Speaking at a recent Pritchitt Bland Communications media lunch, Maple-Brown Abbott chief executive and managing director Sophia Rahmani said the group had been directed by a major super fund client to prepare their portfolio for carbon neutrality by the end of financial year.
“One of our super clients, which I know has happened to lots of super funds, has said by 30 June, we need a plan on how we’re going to transition over the next three years to being carbon neutral,” Ms Rahmani said.
“They’ve said let’s work through that because we don’t quite know what our board wants us to do. But just like that it’s going to turn into an ESG portfolio, and that’s a board directive from that super fund.”
4D Infrastructure chief investment officer Sarah Shaw agreed that many super funds were rapidly moving towards carbon neutrality across their entire portfolio if they had not done so already.
“You can have stocks that are carbon emitters but they have to be offset by other stocks that are taking carbon out across the portfolio,” Ms Shaw said.
“Every stock in the portfolio doesn’t have to be carbon neutral, it’s actually at the portfolio level.”
Tribeca Investment Partners lead portfolio manager Jun Bei Liu said funds were also allowing managers to offset carbon-intensive holdings through short exposures, but that managers typically faced pressure to sell down carbon emitters by the end of financial year.
“We think it doesn’t stack up to be invested in [carbon-intensive] businesses so we short them against others where we feel there’s more potential, and for my [super fund] clients who are much more stringent in terms of carbon footprint it helps them to offset other managers who are happy to buy those companies,” Ms Liu said.
“They normally have an annual financial year end date so they put a lot of pressure on the managers that own those companies to reduce that because they have to report it. They have to do analysis because their members want to see they are conscious with ESG and they are taking steps to improve on some of those measures.”

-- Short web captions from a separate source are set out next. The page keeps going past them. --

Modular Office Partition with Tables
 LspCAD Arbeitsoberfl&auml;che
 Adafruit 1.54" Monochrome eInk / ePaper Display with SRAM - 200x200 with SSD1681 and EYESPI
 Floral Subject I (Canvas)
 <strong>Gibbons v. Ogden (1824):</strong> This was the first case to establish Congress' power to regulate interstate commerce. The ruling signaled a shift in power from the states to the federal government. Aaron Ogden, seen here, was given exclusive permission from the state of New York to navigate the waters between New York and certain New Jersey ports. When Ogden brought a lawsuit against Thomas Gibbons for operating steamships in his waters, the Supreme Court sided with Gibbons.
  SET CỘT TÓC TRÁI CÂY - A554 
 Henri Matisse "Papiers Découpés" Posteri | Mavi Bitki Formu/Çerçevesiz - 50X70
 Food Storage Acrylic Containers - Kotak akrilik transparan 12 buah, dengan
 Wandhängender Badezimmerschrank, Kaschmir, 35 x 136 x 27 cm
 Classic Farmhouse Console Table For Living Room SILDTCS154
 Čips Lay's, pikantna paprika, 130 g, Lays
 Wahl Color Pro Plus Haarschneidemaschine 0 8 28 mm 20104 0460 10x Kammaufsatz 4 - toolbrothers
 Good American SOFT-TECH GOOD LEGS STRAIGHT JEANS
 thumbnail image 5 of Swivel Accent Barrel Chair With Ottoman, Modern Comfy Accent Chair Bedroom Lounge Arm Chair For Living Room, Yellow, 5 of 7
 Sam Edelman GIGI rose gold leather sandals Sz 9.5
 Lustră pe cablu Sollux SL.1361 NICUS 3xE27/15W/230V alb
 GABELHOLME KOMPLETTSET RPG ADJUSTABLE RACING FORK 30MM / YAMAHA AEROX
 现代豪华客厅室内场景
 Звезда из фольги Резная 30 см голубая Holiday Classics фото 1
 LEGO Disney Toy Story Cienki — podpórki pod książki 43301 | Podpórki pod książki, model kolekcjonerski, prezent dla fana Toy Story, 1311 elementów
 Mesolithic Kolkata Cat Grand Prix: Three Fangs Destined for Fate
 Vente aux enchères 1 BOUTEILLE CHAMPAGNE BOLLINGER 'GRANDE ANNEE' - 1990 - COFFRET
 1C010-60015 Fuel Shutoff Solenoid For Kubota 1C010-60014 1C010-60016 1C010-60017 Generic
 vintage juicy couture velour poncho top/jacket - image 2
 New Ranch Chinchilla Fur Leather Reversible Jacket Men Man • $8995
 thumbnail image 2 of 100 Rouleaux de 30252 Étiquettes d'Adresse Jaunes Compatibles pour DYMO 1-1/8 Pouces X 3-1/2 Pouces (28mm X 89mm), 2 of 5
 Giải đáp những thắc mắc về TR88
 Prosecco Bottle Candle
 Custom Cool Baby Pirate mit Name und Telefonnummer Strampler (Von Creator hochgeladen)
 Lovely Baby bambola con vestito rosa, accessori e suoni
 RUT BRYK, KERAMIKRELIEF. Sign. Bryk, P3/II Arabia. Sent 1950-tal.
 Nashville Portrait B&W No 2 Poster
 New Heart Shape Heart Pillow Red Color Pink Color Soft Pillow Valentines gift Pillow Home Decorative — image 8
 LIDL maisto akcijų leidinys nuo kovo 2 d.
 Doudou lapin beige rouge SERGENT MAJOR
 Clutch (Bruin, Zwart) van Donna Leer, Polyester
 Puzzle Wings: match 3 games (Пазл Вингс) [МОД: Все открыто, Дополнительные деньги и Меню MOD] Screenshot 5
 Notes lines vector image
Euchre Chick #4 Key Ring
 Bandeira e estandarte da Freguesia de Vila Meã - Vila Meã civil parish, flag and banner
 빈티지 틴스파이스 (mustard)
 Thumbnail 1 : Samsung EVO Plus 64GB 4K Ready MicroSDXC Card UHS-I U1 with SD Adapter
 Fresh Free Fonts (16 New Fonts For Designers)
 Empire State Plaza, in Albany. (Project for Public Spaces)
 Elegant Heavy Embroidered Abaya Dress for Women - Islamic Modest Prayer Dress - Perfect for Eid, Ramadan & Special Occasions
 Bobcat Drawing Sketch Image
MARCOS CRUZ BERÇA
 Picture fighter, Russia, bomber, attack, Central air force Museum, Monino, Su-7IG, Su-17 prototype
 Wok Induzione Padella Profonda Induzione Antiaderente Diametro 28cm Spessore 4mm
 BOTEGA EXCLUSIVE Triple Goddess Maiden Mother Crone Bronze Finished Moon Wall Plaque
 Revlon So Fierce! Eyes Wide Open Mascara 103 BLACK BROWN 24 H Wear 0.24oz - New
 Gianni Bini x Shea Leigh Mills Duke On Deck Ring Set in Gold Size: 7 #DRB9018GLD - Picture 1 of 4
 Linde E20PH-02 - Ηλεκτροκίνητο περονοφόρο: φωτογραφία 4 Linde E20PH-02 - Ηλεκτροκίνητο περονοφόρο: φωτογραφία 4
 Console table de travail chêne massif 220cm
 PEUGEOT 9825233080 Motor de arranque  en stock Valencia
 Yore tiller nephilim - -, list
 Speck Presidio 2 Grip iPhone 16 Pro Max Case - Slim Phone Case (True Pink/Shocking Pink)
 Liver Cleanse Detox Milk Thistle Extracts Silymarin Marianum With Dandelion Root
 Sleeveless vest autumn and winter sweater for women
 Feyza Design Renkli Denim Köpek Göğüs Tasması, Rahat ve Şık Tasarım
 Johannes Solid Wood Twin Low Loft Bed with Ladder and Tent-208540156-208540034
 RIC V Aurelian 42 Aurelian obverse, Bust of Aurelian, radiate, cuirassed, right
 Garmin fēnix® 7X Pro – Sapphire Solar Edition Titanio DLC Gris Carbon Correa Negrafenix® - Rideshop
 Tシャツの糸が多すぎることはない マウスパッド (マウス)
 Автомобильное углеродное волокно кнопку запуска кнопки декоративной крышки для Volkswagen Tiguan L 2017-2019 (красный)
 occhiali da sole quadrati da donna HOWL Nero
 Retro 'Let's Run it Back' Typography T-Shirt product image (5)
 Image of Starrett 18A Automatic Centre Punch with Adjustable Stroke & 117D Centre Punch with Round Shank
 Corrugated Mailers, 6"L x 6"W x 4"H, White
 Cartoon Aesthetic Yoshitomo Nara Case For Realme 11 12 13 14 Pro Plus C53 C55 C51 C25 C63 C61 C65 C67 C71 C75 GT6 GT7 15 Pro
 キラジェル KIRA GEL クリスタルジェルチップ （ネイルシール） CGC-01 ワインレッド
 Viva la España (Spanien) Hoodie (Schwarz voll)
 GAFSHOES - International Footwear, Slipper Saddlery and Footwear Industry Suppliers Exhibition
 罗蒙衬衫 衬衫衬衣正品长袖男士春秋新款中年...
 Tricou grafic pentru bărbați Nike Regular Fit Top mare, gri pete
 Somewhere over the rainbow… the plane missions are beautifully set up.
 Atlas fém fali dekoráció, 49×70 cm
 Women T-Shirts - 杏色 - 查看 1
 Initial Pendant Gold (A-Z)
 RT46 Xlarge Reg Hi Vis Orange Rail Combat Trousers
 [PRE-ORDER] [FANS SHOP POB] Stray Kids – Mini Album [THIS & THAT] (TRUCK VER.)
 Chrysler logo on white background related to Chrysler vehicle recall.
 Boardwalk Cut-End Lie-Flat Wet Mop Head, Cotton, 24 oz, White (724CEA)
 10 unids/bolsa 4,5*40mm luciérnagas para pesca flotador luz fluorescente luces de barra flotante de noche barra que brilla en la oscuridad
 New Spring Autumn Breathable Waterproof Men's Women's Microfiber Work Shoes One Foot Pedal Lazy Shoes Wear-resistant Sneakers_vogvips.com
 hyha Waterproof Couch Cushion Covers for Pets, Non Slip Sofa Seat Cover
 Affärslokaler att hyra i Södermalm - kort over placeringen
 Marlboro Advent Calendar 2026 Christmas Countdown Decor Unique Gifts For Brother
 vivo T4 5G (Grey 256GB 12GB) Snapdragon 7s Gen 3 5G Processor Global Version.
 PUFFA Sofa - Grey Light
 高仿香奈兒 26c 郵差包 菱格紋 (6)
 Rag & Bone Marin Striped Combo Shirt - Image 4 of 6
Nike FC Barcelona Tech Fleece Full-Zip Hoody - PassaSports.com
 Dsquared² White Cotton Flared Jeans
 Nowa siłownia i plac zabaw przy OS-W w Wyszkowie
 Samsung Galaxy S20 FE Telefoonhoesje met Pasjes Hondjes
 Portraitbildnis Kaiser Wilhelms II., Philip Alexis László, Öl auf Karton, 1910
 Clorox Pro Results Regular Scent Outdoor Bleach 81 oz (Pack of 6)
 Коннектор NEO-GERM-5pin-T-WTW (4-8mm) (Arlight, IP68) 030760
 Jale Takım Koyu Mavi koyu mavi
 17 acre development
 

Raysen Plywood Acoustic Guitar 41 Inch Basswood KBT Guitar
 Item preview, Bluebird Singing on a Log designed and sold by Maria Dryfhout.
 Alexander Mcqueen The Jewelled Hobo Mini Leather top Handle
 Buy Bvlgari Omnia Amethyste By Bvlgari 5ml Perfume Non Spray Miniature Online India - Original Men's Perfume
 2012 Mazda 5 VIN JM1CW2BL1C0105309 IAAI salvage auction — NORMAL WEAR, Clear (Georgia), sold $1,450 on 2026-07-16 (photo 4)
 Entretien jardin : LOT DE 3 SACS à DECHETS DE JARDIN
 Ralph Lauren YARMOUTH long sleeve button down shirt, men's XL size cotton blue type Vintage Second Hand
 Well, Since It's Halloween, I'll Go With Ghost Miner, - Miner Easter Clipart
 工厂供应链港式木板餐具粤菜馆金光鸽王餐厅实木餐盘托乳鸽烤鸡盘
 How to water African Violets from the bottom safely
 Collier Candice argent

However Ms Rahmani said while Australian institutions were more flexible around what constituted sustainable investing, new rules implemented in Europe gave a sense of what was to come in terms of the strict protocols around who could call themselves carbon-neutral.
“The European sustainable finance directive regime regulations are pretty big and requiring you to allocate your product to a pot, and you can’t say you’re dark green if you’re not dark green,” Ms Rahmani said.
“We went through a huge process across all our European products to give consistency on what we are and how green we are.”